Dive Brief:
- Alnylam Pharmaceuticals said Thursday it plans to submit its experimental drug vutrisiran for U.S. approval in early 2021, now that the company has in hand positive data from a key study.
- The study tested Alnylam’s drug in patients with nerve damage from hATTR amyloidosis, a rare, inherited disorder in which misfolded proteins bind together in various tissues and organs, often leading to major health complications and premature death. Results indicate that nine months into treatment, vutrisiran had significantly reduced neurological impairment in these patients, as compared to historical placebo data from APOLLO — the clinical trial which led to the approval of Alnylam’s first marketed drug for hATTR polyneuropathy, Onpattro.
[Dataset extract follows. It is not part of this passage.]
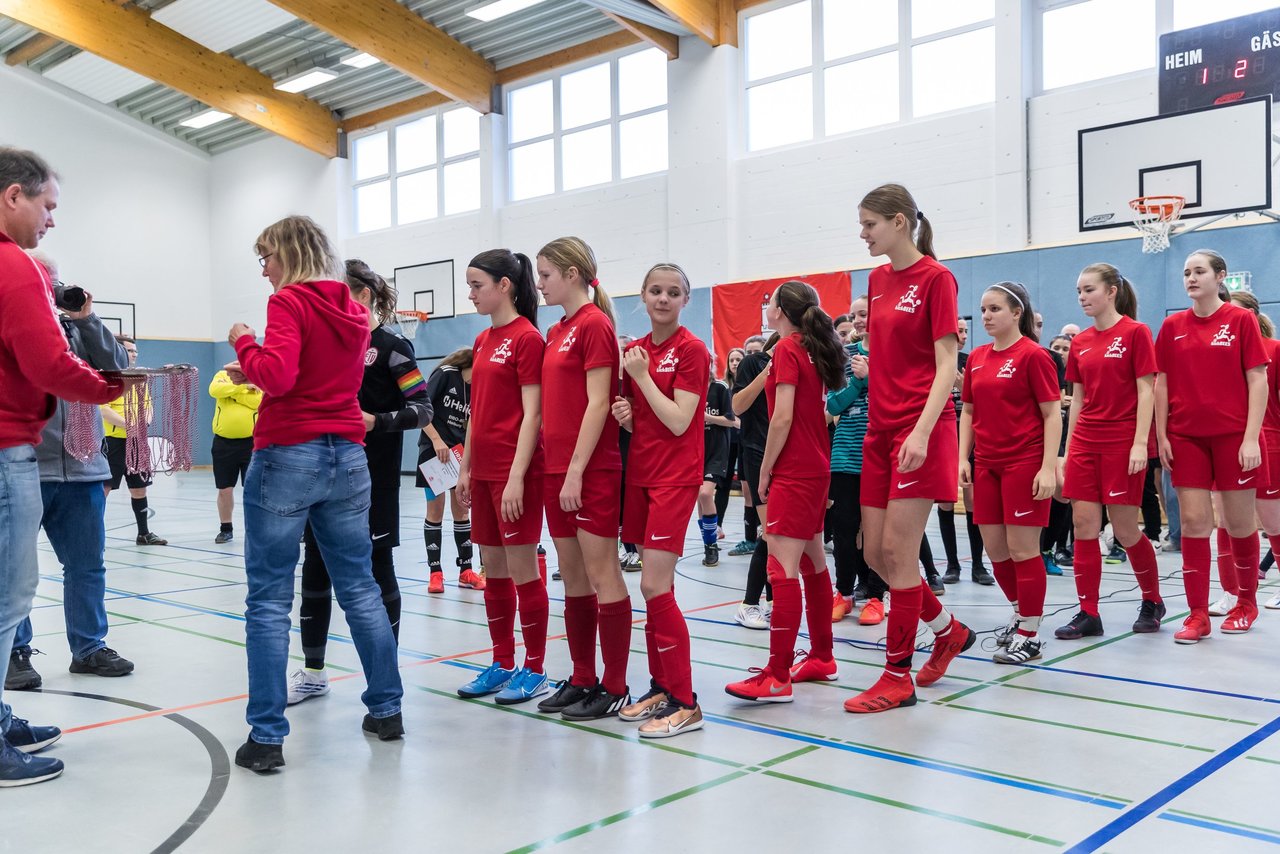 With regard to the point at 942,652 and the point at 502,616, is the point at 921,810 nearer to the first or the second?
the point at 942,652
- In addition to the neurological measures, Alnylam’s study explored whether vutrisiran could have an effect on the heart. Investigators have been monitoring patients for proteins produced when the heart is under stress, and, according to Alnylam, the drug appears to be providing some level of improvement. The company said full 9-month results will be presented at a medical conference in early 2021, while high-level 18-month results — including cardiac data — should be announced in late 2021.
Dive Insight:
Alnylam is one of the pioneering companies in RNA interference, a drugmaking technique that attempts to treat disease by silencing genes.
The Cambridge, Massachusetts biotech spent 15 years developing Onpattro, which in 2018 became the first ever RNA interference drug approved by the FDA. Since then, it has ushered to market two more rare disease medicines, named Givlaari and Oxlumo. Over the first nine months of this year, Alnylam recorded about $250 million in net product revenue.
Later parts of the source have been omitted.